In a letter sent to the city's MPs yesterday evening, they said "Searching for symptomless yet infectious people is like searching for needles that appear transiently in haystacks.

"The potential for harmful diversion of resources and public money is vast.

"Also of concern are the potential vested interests of commercial companies supplying new and as yet inadequately evaluated tests."

And Angela Raffle, a consultant in Public Health based in Bristol, warned the half a billion pound project could be a costly failure.

Jurgen Klopp, manager of Liverpool football team, urged people to get tested.

"Do it for yourself, your family, your colleagues and your city.

"Let's do it together, let's do it for Liverpool," he said in a video message posted on the club's Twitter account. 

But it comes as the Guardian newspaper reported that a rapid coronavirus test at the heart of the strategy missed more than 50% of positive cases in a Greater Manchester pilot.
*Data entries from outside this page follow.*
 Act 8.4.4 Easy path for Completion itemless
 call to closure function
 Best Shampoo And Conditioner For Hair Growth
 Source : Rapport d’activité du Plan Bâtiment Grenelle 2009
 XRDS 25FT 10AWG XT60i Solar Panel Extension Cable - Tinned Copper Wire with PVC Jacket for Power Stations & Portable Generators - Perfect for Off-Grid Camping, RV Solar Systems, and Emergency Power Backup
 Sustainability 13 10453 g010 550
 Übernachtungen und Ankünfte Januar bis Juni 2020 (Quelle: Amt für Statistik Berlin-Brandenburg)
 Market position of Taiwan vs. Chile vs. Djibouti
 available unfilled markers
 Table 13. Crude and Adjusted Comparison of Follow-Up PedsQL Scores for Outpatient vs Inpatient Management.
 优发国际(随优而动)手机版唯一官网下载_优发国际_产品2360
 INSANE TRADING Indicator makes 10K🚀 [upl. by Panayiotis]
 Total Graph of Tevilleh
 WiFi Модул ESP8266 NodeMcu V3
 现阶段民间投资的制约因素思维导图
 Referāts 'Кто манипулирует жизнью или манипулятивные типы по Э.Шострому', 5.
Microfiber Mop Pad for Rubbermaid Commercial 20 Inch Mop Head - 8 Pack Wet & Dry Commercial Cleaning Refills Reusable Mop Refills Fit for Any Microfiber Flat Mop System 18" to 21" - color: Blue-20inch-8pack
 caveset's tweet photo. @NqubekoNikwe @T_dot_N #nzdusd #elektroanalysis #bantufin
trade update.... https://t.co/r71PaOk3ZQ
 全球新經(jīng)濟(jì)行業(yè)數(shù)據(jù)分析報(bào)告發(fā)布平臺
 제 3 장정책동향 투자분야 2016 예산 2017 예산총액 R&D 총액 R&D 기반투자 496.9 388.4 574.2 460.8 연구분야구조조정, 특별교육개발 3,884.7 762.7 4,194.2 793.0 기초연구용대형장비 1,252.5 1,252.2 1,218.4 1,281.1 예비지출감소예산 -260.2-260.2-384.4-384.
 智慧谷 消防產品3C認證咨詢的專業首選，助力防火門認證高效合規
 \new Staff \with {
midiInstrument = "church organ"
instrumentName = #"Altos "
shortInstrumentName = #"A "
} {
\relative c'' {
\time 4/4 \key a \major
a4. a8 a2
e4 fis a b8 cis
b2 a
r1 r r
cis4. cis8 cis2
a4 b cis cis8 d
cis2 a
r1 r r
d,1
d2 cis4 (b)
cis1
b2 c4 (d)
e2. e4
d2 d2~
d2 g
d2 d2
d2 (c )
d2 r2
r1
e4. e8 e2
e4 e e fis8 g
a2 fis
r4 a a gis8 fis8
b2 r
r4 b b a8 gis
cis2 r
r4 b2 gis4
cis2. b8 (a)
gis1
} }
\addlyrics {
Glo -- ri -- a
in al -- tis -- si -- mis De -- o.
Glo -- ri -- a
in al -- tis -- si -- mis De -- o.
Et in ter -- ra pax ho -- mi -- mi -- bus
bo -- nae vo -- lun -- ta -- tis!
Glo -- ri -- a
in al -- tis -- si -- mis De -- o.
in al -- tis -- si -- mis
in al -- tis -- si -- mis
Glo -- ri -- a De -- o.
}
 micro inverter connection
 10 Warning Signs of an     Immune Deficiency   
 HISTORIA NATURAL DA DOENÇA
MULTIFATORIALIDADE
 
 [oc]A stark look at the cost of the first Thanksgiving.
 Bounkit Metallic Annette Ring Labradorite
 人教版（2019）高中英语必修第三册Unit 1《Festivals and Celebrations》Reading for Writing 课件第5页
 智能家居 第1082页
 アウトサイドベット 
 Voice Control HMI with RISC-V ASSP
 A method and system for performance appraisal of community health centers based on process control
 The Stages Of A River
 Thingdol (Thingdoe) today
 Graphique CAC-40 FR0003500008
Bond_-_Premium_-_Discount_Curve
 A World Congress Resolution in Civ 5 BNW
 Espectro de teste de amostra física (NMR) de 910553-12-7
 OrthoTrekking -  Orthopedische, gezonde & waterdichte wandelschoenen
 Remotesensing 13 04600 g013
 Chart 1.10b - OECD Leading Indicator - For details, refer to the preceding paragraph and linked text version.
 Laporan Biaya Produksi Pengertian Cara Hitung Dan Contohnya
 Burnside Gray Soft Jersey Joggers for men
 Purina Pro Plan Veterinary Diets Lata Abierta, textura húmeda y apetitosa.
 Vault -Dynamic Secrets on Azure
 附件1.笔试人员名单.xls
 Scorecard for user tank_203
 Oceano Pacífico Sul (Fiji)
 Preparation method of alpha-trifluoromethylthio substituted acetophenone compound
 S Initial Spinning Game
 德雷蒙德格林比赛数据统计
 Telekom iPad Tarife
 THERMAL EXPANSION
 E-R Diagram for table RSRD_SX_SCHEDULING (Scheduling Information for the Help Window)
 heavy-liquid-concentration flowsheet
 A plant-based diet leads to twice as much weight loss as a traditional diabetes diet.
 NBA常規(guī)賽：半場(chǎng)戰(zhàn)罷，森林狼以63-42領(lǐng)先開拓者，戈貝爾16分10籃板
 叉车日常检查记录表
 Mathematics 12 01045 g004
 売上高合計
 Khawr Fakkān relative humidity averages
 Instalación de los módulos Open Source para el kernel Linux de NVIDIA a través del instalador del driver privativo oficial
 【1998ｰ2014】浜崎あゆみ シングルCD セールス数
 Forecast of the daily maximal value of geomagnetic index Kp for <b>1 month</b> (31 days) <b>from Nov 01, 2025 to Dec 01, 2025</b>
Last night, police arrested 104 anti-lockdown protesters as hundreds of people marched through the streets of central London after tougher coronavirus rules came into force in England, affecting 56 million people.

Pubs, restaurants and non-essential shops have closed their doors under the latest four-week lockdown and people have been told to stay at home, but schools, universities and nurseries are remaining open.

Officers urged demonstrators to go home as they took to the streets near Trafalgar Square, warning those who had gathered that they were breaching coronavirus restrictions.

Protesters, very few of whom were wearing face coverings, began to walk up the Strand soon after 6pm, chanting "freedom" and "no more lockdown".

The Met said in a statement the majority of arrests were for breaches of the new regulations and the number of arrests was expected to increase as the operation continued through the night.

British Prime Minister Boris Johnson yesterday insisted test and trace is improving after it recorded a record low for contacts reached in England but acknowledged "frustrations" with the system and accepted it "hasn't had as much impact as we would have wanted".

He also insisted four weeks of lockdown should be enough to drive down the spread of coronavirus so the severe restrictions can be eased.

"The advice I have received suggests that four weeks is enough for these measures to make a real impact," he told a Downing Street press conference.

"These rules will expire and on 2 December we plan to move back to a tiered approach. There is light at the end of the tunnel.

"These are difficult times. While it pains me to have to ask once again for so many to give up so much, I know we can get through this."

Britain has recorded nearly 48,000 deaths linked to the coronavirus from more than one million positive cases.

Simon Stevens, the head of the state-run National Health Service (NHS) in England, urged compliance and warned: "This second wave of Covid is real and it is serious.

"Today's infection is the intensive care order book for a fortnight's time," he added, noting the total number of patients admitted to hospital had shot up from below 500 in early September to more than 11,000.